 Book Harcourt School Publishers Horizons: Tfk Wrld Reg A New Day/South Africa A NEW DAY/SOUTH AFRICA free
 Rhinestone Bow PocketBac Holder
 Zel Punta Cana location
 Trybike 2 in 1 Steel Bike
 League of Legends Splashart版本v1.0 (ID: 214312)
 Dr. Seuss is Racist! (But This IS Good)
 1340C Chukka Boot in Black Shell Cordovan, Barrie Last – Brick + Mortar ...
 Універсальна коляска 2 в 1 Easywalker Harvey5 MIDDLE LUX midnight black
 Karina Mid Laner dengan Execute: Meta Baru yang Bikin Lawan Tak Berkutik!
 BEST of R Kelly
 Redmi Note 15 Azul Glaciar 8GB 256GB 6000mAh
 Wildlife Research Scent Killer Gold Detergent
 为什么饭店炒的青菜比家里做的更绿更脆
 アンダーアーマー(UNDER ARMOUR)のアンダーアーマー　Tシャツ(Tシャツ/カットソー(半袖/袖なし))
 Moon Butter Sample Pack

+--

For this task, write out exactly the lines of the entries above, starting at the line with "Rhinestone Bow PocketBac Holder" and ending at the line with "Універсальна коляска 2", both included, and no others.

* Task output:
 Rhinestone Bow PocketBac Holder
 Zel Punta Cana location
 Trybike 2 in 1 Steel Bike
 League of Legends Splashart版本v1.0 (ID: 214312)
 Dr. Seuss is Racist! (But This IS Good)
 1340C Chukka Boot in Black Shell Cordovan, Barrie Last – Brick + Mortar ...
 Універсальна коляска 2 в 1 Easywalker Harvey5 MIDDLE LUX midnight black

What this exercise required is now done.